3. Run make to build Tempesta FW and Tempesta DB modules:

    $ cd tempesta && make
   

Use tempesta.sh script to run and stop Tempesta. The script provides help information with --help switch. Usage example:

    $ ./scripts/tempesta.sh --start
    $ ./scripts/tempesta.sh --stop

Tempesta is configured via plain-text configuration file.

The file location is determined by the TFW_CFG_PATH environment variable:

    $ TFW_CFG_PATH="/opt/tempesta.conf" ./scripts/tempesta.sh --start

By default, the tempesta_fw.conf from this directory is used.

See tempesta_fw.conf for the list of available options and their descriptions.

Tempesta listens to incoming connections on specified address and port. The syntax is as follows:

listen <PORT> | <IPADDR>[:PORT]

IPADDR may be either IPv4 or IPv6 address. Host names are not allowed. IPv6 address must be enclosed in square brackets (e.g. "[::0]" but not "::0"). If only PORT is specified, then address 0.0.0.0 (but not [::1]) is used. If only IPADDR is specified, then default HTTP port 80 is used.

Tempesta opens one socket for each listen directive. Multiple listen directives may be defined to listen on multiple addresses/ports. If listen directive is not defined in the configuration file, then by default Tempesta listens on IPv4 address 0.0.0.0 and port 80, which is an equivalent to listen 80 directive.

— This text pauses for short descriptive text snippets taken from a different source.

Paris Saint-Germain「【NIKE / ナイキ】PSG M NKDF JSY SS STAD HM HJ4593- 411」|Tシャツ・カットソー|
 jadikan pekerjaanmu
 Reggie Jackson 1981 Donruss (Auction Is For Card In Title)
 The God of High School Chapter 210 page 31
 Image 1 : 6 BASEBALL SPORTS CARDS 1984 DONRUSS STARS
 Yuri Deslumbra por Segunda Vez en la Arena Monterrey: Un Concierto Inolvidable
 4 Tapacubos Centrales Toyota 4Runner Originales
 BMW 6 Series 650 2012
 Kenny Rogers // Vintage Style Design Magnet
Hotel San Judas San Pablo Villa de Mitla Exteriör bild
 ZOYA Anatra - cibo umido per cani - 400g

Below are examples of listen directive:

listen 80;
listen [::0]:80;
listen 127.0.0.1:8001;
listen [::1]:8001;

Tempesta may use a single TCP connection to send and receive multiple HTTP requests/responses. The syntax is as follows:

keepalive_timeout TIMEOUT

TIMEOUT is a timeout in seconds during which a keep-alive client connection will stay open in Tempesta. The zero value disables keep-alive client connections. Default value is 75.

Below are examples of keepalive_timeout directive:

keepalive_timeout 75;

Tempesta caches Web-content by default, i.e. works as reverse proxy. Configuration option cache manages the cache befavior:

• 0 - no caching at all, pure proxying mode;
• 1 - cache sharding when each NUMA node contains independent shard of whole cache. This mode has the smallest memory requirements;
• 2 - (default) replicated mode when each NUMA node has whole replica of the cache. It requires more RAM, but delivers the highest performance.

cache_db specifies path to a cache database files. The PATH must be absolute and the directory must exist. The database file must end with .tbd. E.g. cache_db /opt/tempesta/db/cache.tdb is the right Tmpesta DB path. However, this is the only path pattern rather than real path. Tempesta creates per NUMA node database files, so if you have two processor packages on modern hardware, then follwoing files will be created (one for earch processor package) for the example above:

    /opt/tempesta/db/cache0.tdb
    /opt/tempesta/db/cache1.tdb

cache_size defines size (in bytes, suffixes like 'MB' are not supported yet) of each Tempesta DB file used as Web cache storage. The size must be multiple of 2MB (Tempesta DB extent size). Default value is 268435456 (256MB).

A back end HTTP server is defined with server directive. The full syntax is as follows:

server <IPADDR>[:<PORT>] [conns_n=<N>]

IPADDR can be either IPv4 or IPv6 address. Hostnames are not allowed. IPv6 address must be enclosed in square brackets (e.g. "[::0]" but not "::0"). PORT defaults to 80 if not specified. conns_n=<N> is the number of parallel connections to the server. N defaults to 4 if not specified.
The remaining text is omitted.